La belleza de la gracia
María es preservada del pecado original como preparación para ser la madre de Jesús. Este hecho nos permite llenarnos de admiración y contemplar lo que supone que exista una criatura humana sobre la que el mal no ha tenido poder. En realidad, esta gracia anticipa la victoria definitiva de Cristo sobre el pecado y sobre la muerte, es un fruto adelantado del Misterio Pascual. Por eso escuchamos como primera lectura el relato del pecado original del libro del Génesis. Aplastando la cabeza de la serpiente, María representa el triunfo anticipado sobre todo lo que condena al hombre. Además, en la tradición cristiana, la belleza de María, toda hermosa, ha sido el modo en el que a lo largo de los siglos la piedad ha reflejado la gracia y la humildad de María. Si ella es el punto culminante de esta hermosura, lo es porque Dios la ha revestido de esta belleza, que remite a Él. Puesto que humanamente la belleza atrae, la humildad de María ha reclamado también la atención de Dios, que ha mirado su humildad, como cantamos en el magníficat. Así pues, a través de este atributo se representa la limpieza del pecado y la humildad que adornan a María.
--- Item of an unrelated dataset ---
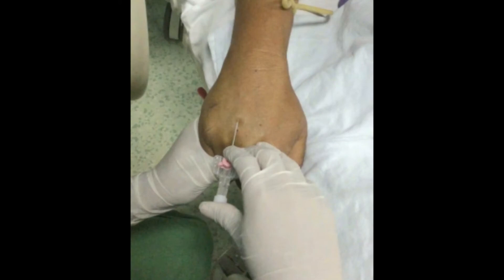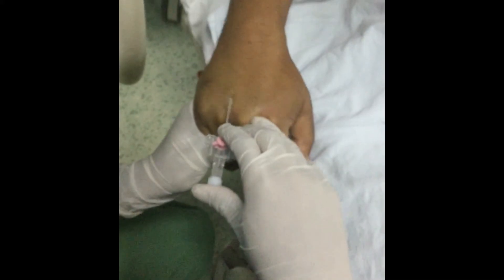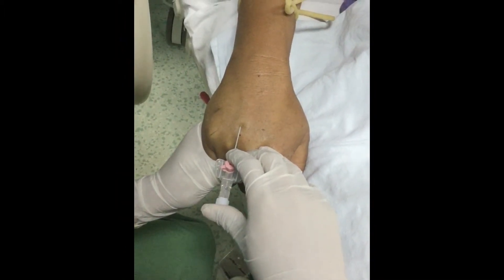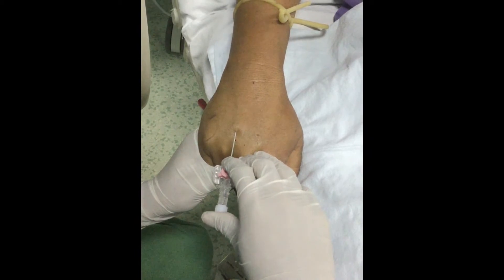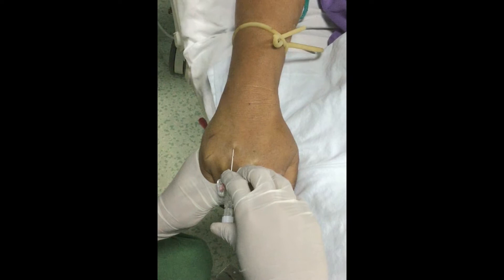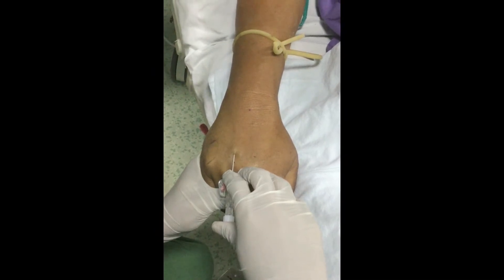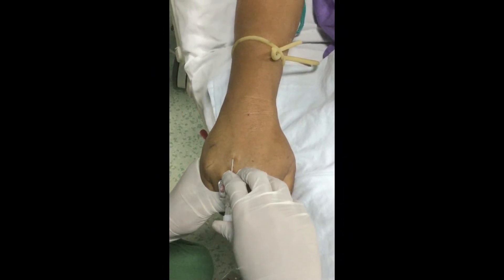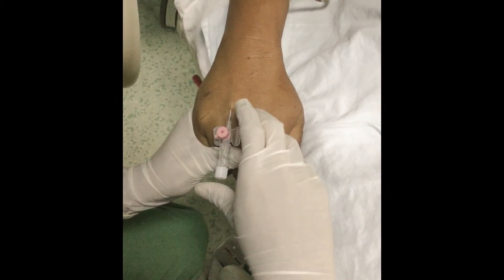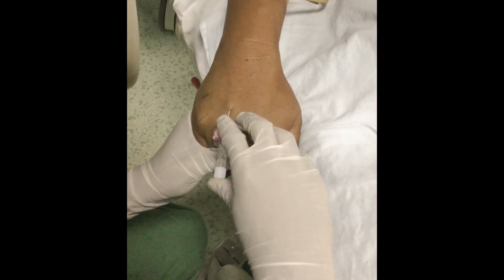Grasp the catheter wings with the first and middle fingers of the hand and support the catheter at the back with the thumb. Hold the needle bevel up at an angle of 5 to 25 degrees depending on the depth of the vein. Then pierce the skin and decrease the angle of the needle further until nearly parallel with the skin.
Mirándola a ella, a los cristianos se nos impulsa a responder a la gracia, como al mayor don que podemos recibir del Señor.
En aquel tiempo, el ángel Gabriel fue enviado por Dios a una ciudad de Galilea llamada Nazaret, a una virgen desposada con un hombre llamado José, de la casa de David; el nombre de la virgen era María. El ángel, entrando en su presencia, dijo: «Alégrate, llena de gracia, el Señor está contigo». Ella se turbó grandemente ante estas palabras y se preguntaba qué saludo era aquél. El ángel le dijo: «No temas, María, porque has encontrado gracia ante Dios. Concebirás en tu vientre y darás a luz un hijo, y le pondrás por nombre Jesús. Será grande, se llamará Hijo del Altísimo, el Señor Dios le dará el trono de David, su padre; reinará sobre la casa de Jacob para siempre, y su reino no tendrá fin». Y María dijo al ángel: «¿Cómo será eso, pues no conozco varón?». El ángel le contestó: «El Espíritu Santo vendrá sobre ti, y la fuerza del Altísimo te cubrirá con su sombra; por eso el Santo que va a nacer se llamará Hijo de Dios. También tu pariente Isabel ha concebido un hijo en su vejez, y ya está de seis meses la que llamaban estéril, «porque para Dios nada hay imposible». María contestó: «He aquí la esclava del Señor; hágase en mí según tu palabra». Y el ángel se retiró.